▶ _EXERCISE DIRECTIONS_
Beginning with the line that contains "2015-2018 Porsche Macan", reproduce every line through the end of the records below exactly, and leave the pictures out.

▶ _DATA FOR ANALYSIS_
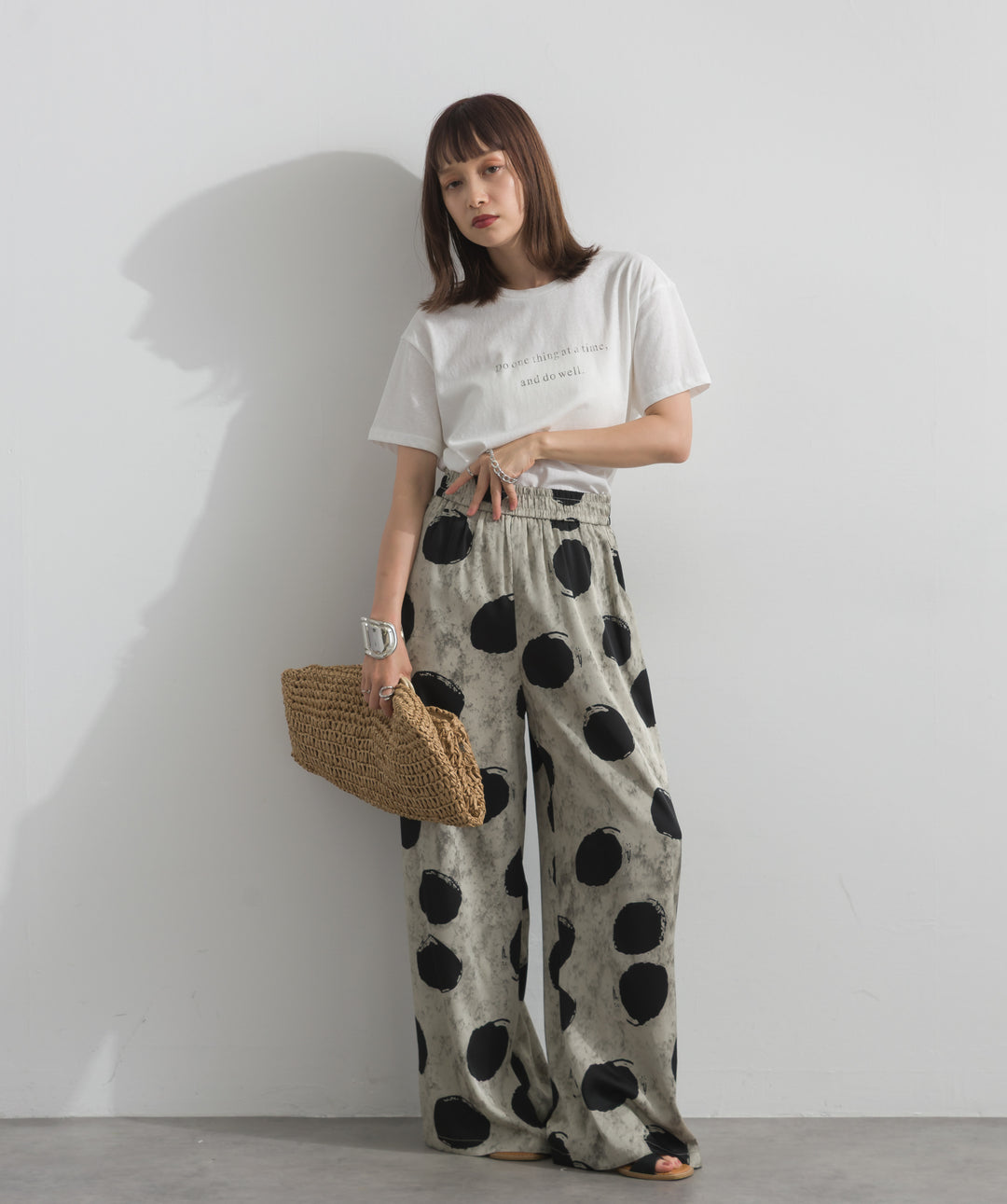 ロゴクルーネックTシャツ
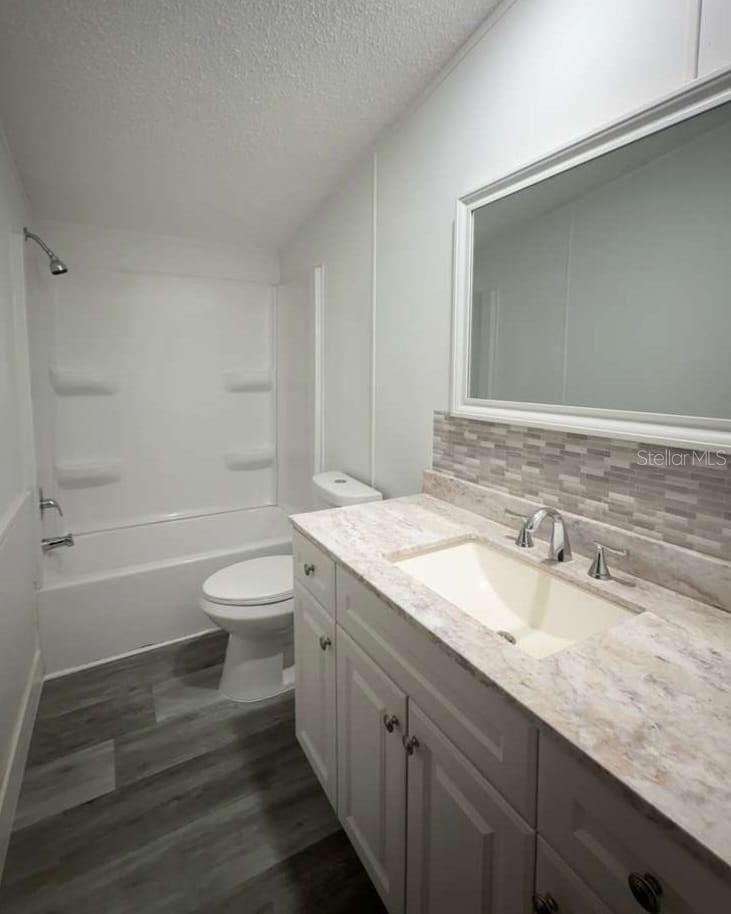 VANGUARD ESTATES - Residential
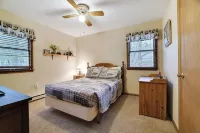 Serenity & Fun Cozy Pocono Cabin! Family Friendly - Beach-Lake-Pool-Playgrounds! - Beach
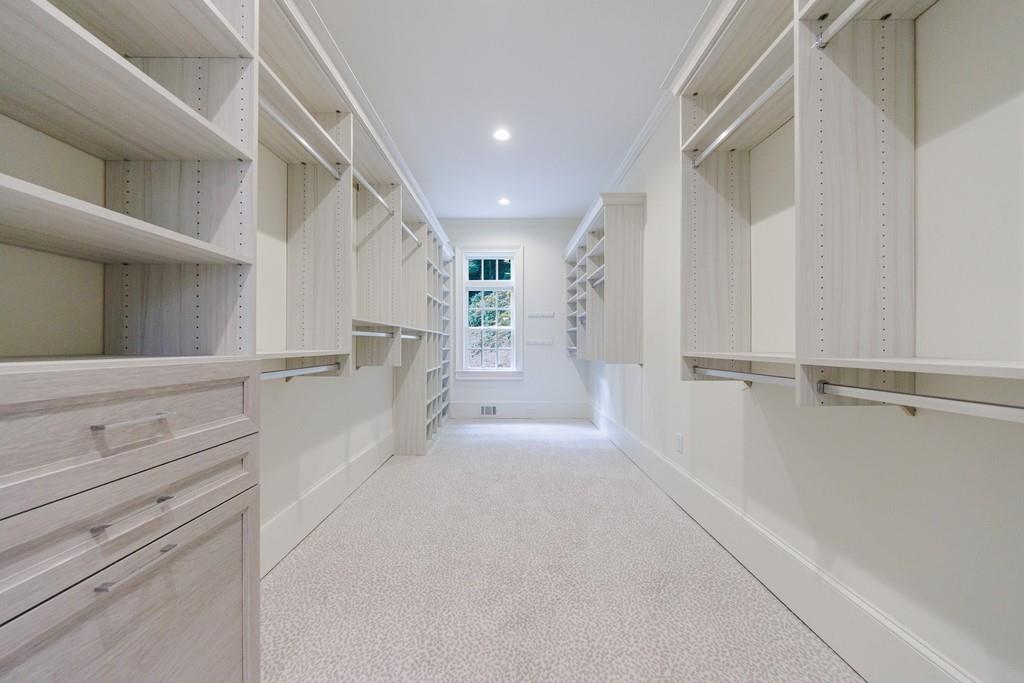 25 Asheworth Court NW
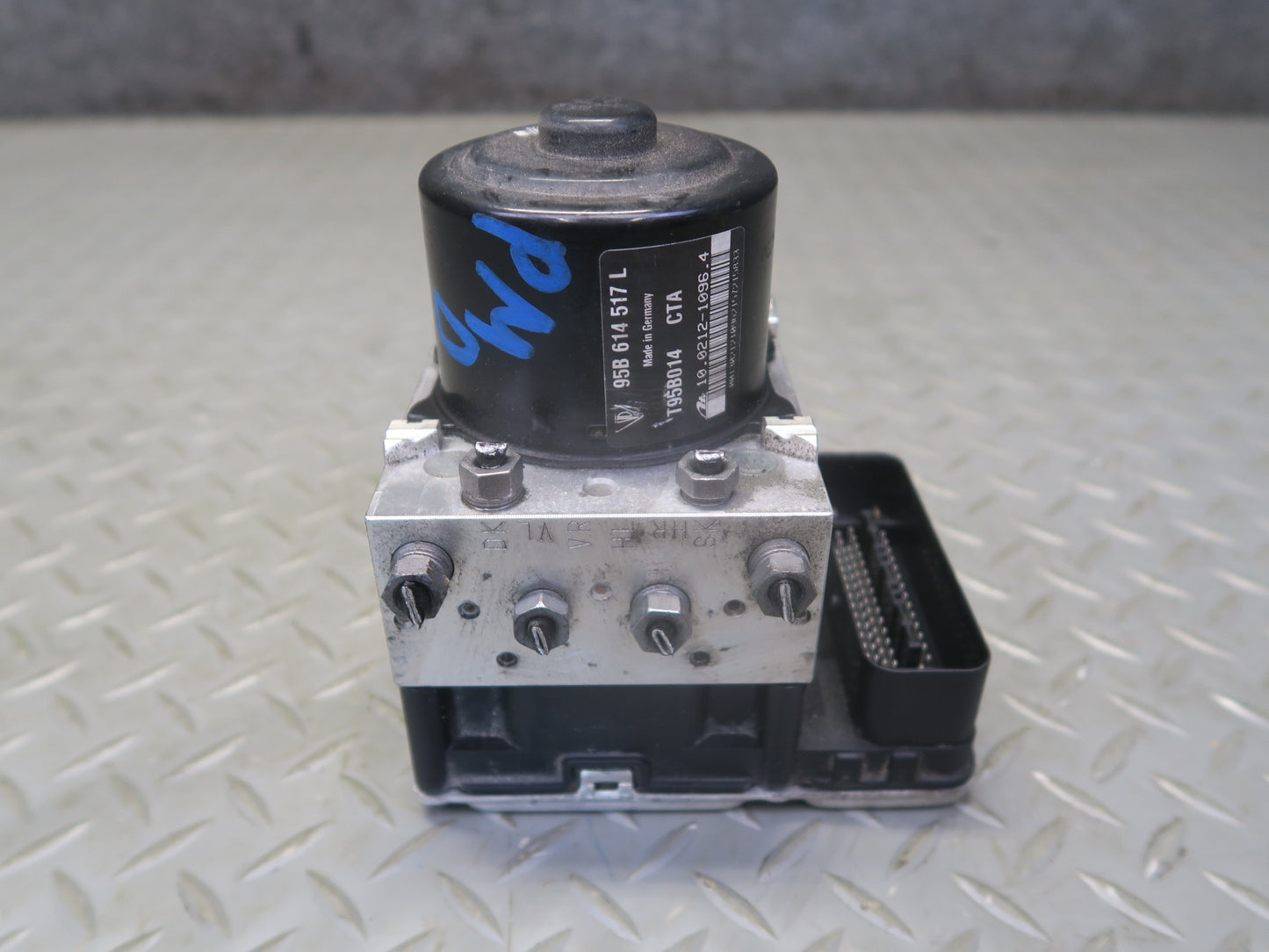 2015-2018 Porsche Macan Anti Lock Brake ABS Pump Module 95B614517L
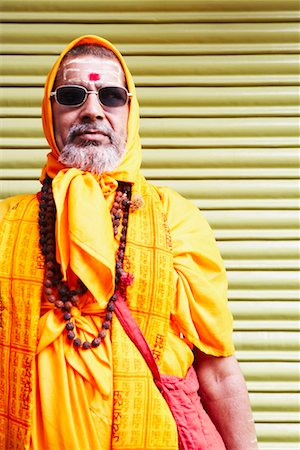 sadhu face photography - Close-up of a sadhu wearing sunglasses Stock Photo - Premium Royalty-Free, Code: 630-01490680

▶ _RESPONSE_
 2015-2018 Porsche Macan Anti Lock Brake ABS Pump Module 95B614517L
 sadhu face photography - Close-up of a sadhu wearing sunglasses Stock Photo - Premium Royalty-Free, Code: 630-01490680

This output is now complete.